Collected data
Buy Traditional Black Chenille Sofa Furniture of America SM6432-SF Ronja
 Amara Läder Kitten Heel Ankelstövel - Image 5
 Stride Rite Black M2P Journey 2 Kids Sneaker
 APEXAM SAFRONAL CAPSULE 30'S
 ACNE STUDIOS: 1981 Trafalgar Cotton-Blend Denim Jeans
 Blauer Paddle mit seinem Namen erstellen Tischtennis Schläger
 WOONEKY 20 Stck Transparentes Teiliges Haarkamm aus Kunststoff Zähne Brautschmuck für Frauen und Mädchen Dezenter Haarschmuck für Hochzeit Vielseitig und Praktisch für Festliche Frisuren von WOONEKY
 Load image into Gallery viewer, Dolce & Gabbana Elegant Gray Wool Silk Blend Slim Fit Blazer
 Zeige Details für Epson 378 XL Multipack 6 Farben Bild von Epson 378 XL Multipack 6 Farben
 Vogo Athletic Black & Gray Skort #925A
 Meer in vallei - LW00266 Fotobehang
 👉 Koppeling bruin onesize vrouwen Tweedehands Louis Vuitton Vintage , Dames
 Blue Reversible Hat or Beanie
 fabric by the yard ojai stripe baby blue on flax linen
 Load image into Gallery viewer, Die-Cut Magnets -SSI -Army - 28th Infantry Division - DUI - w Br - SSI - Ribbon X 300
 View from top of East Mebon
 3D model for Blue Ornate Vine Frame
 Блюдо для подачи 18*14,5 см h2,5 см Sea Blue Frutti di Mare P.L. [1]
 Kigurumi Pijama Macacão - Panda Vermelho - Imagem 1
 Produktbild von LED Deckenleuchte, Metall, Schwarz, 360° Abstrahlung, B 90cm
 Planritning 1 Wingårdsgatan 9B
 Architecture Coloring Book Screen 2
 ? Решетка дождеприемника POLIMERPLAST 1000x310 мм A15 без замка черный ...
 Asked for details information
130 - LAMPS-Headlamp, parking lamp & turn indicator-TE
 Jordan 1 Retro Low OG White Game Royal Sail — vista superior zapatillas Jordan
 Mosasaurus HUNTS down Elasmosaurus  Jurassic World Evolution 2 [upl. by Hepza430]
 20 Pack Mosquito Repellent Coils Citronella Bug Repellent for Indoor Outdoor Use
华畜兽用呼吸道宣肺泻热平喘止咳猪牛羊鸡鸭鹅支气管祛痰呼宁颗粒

# [TASK STATEMENT]
Could you restate word for word the lines above from the one containing "ACNE STUDIOS: 1981" through the one containing "Architecture Coloring Book Screen 2", both included, and nothing else?

# [YOUR SOLUTION]
 ACNE STUDIOS: 1981 Trafalgar Cotton-Blend Denim Jeans
 Blauer Paddle mit seinem Namen erstellen Tischtennis Schläger
 WOONEKY 20 Stck Transparentes Teiliges Haarkamm aus Kunststoff Zähne Brautschmuck für Frauen und Mädchen Dezenter Haarschmuck für Hochzeit Vielseitig und Praktisch für Festliche Frisuren von WOONEKY
 Load image into Gallery viewer, Dolce & Gabbana Elegant Gray Wool Silk Blend Slim Fit Blazer
 Zeige Details für Epson 378 XL Multipack 6 Farben Bild von Epson 378 XL Multipack 6 Farben
 Vogo Athletic Black & Gray Skort #925A
 Meer in vallei - LW00266 Fotobehang
 👉 Koppeling bruin onesize vrouwen Tweedehands Louis Vuitton Vintage , Dames
 Blue Reversible Hat or Beanie
 fabric by the yard ojai stripe baby blue on flax linen
 Load image into Gallery viewer, Die-Cut Magnets -SSI -Army - 28th Infantry Division - DUI - w Br - SSI - Ribbon X 300
 View from top of East Mebon
 3D model for Blue Ornate Vine Frame
 Блюдо для подачи 18*14,5 см h2,5 см Sea Blue Frutti di Mare P.L. [1]
 Kigurumi Pijama Macacão - Panda Vermelho - Imagem 1
 Produktbild von LED Deckenleuchte, Metall, Schwarz, 360° Abstrahlung, B 90cm
 Planritning 1 Wingårdsgatan 9B
 Architecture Coloring Book Screen 2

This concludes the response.